Judas completó su traición y Jesús fue apresado. Esto sucede después de que el Señor, en Getsemaní, había aceptado el sufrimiento de manos de su Padre y había dado su ‘sí’ a todo lo que le esperaba. Un SÍ que tuvo que atravesar la angustia y la agonía; un SÍ, después de haberle pedido al Padre que, si era posible, aquel cáliz pasara sin tener que beberlo (cf. Mt 26,39-44); un SÍ que expresa la entrega incondicional al Padre; un SÍ por amor a nosotros, los hombres.
Ahora, Jesús se entrega totalmente al sufrimiento que ha de padecer por nuestra Redención; se enfrenta a todas las burlas y humillaciones, a todas las ofensas, a la impiedad y la crueldad que encontrará en su camino doloroso. Sobre Él recae todo el odio de las tinieblas, la espantosa oscuridad del pecado con su terrible consecuencia: el estar separado de Dios. ¡Parece haber llegado la hora del triunfo del Maligno!
Pero no es la hora de la maldad, aunque ella se la atribuye. Es la hora del Señor, en que la oscuridad será vencida de una vez y para siempre. Es la hora del indecible amor del Señor a su Padre y a nosotros, sus criaturas perdidas. Es la hora en que nuestro Padre Celestial ofrece a toda la humanidad el perdón de sus culpas y la salvación. Es la hora del Señor; es el día de la Redención; es el Viernes Santo.
Como un cordero llevado al matadero, el Señor recorre aquel camino que llamamos ‘viacrucis’. Exteriormente privado de todo poder; pero interiormente sostenido en su Padre, para llevar a la consumación Su Voluntad. Quienes lo vieron pasar en Jerusalén, se encontraron frente a frente con el siervo doliente de Dios, con el Mesías al que habían esperado; lo vieron en una apariencia bastante distinta a la que hubieran imaginado, sin los honores y ademanes que corresponden a un rey.
En su camino hacia la Cruz, Jesús se encuentra con su madre, que permanece fiel junto a Él. Se encuentra también con Verónica, que le muestra su amor, y con las mujeres de Jerusalén, que, en su llanto, tienen compasión por él; almas que no están cegadas como las que le están causando dolor…

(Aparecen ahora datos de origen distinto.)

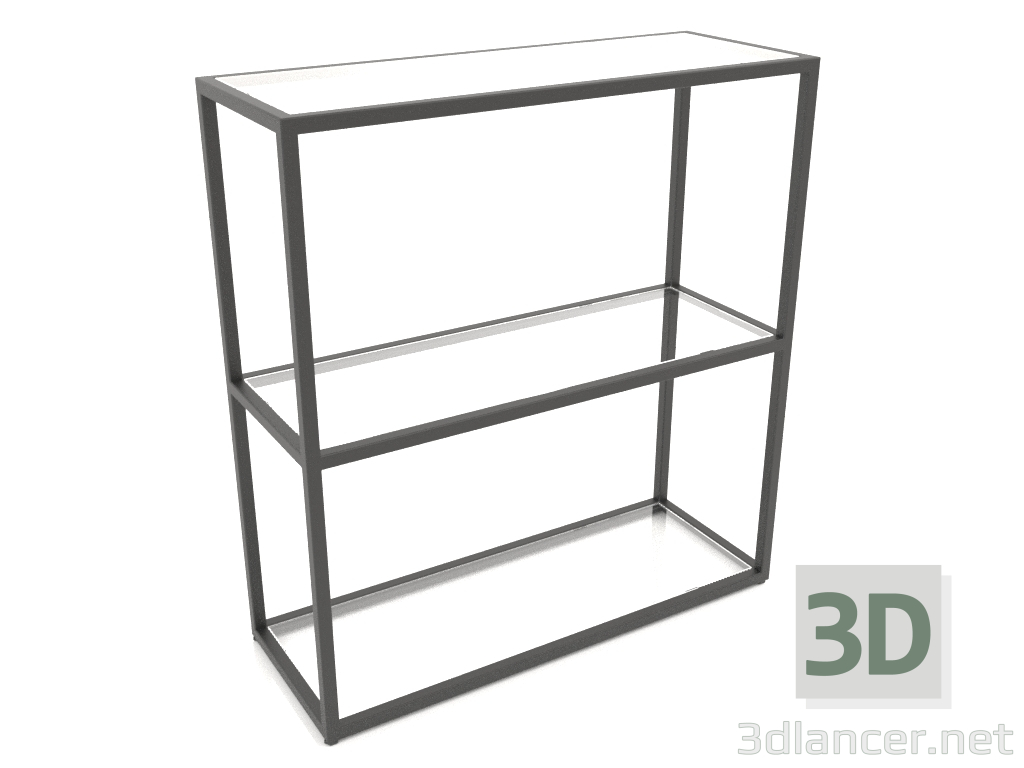 modello 3D Console rack rettangolare (VETRO, 80x30x86, 3 ripiani) - anteprima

Y entonces llega el momento de la consumación. Jesús se deja crucificar, para llevar su misión a su culmen. Elevado en la Cruz, Él redime a la humanidad. ¡La Cruz se convierte en signo de nuestra Redención! El Padre Celestial mismo ha ofrecido el sacrificio que Abrahán no tuvo que ofrecer. ¡Él entregó a su propio Hijo por nosotros!
Ante todo esto, lo único que nos queda decir es: “Te adoramos a Ti, Santo Dios, y te damos gracias, porque nos has redimido por tu amor, que te llevó hasta la Cruz. ¡Gloria a Ti!”